Microglia act as the macrophages of the brain. They can secrete proinflammatory

molecules that could exacerbate neuronal injury in many models such as ischemia, oxidative

stress, and neurodegenerative diseases. Estrogen is known to be neuroprotective in these

models. In the present study, amyloid beta peptides (Aβ), the main component of amyloid

plaques found in the brains of Alzheimer's patients was used as a stimulator of microglia.

There is massive evidence that Aβ cause a number of cytotoxic events that finally lead to

neuronal apoptosis and reactive gliosis which seem to be reversed by preadministration of

estrogen. The roles of estrogen and Aβ upon glial activation are not as well studied as in

neurons.

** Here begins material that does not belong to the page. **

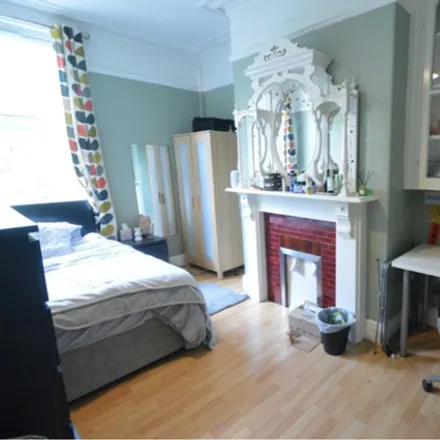Rent this 6 bed townhouse on Cliff Mount in Leeds, LS6 2HP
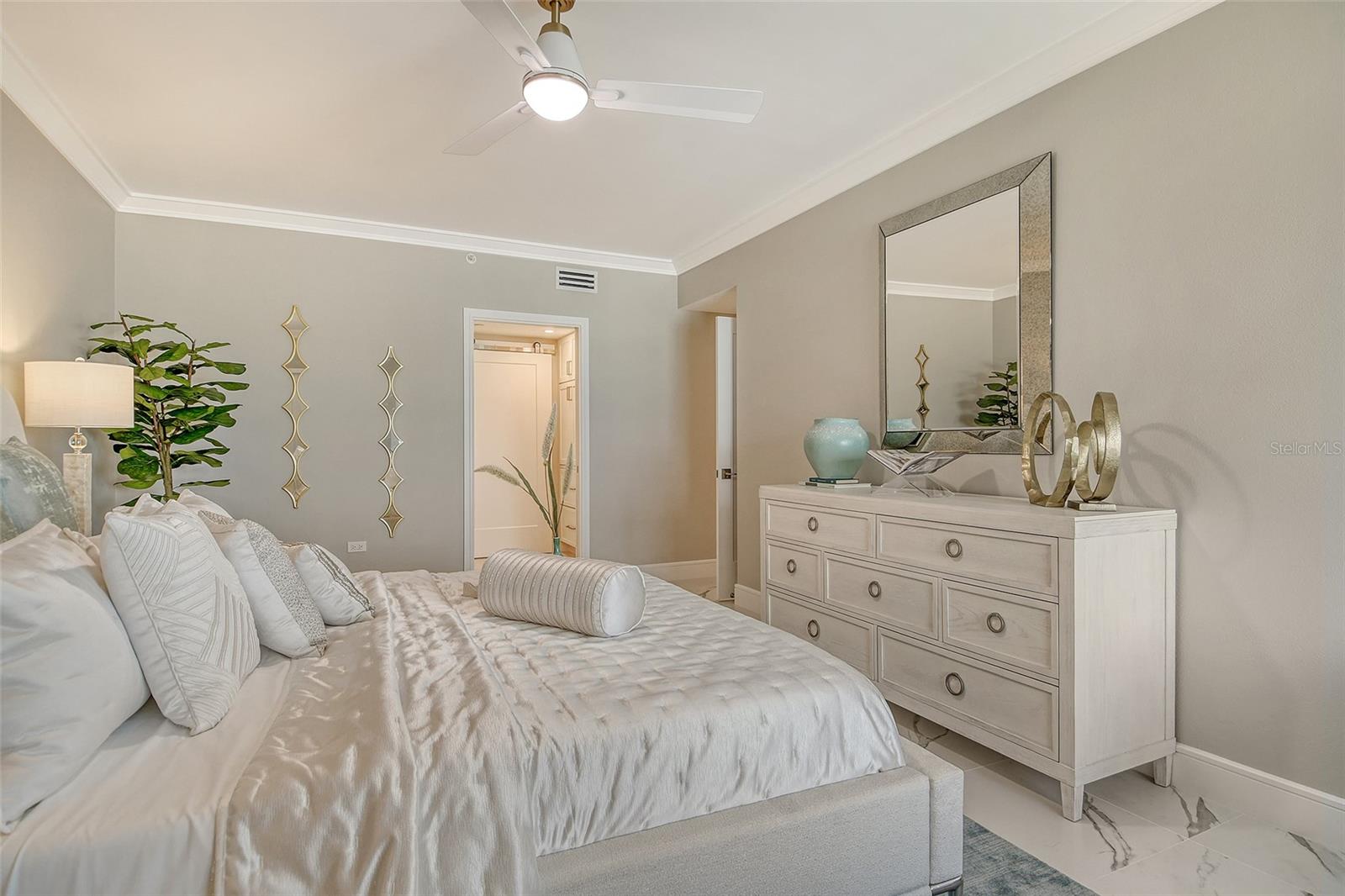 Image 24 of 46 For 2105 Gulf Of Mexico Drive 3303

For microglia, estrogen treatment can decrease NO, superoxide, and TNF-α

production, thus attenuating the inflammatory responses induced by LPS or Aβ. However,

these studies were usually done in murine microglia. The roles of estrogen upon human

microglia have never been explored before. We would like to see if estrogen differentially

regulate microglia from human compared to murine. By employing human microglia, it

should better reflect the response to estrogen in real patients. Cytokine expression was

examined to determine the degree of microglial activation. Also, the potential molecular

mechanism by which estrogen exerts upon microglia was detected using spectrofluorometry

to see if estrogen can regulate the intracellular calcium in microglia.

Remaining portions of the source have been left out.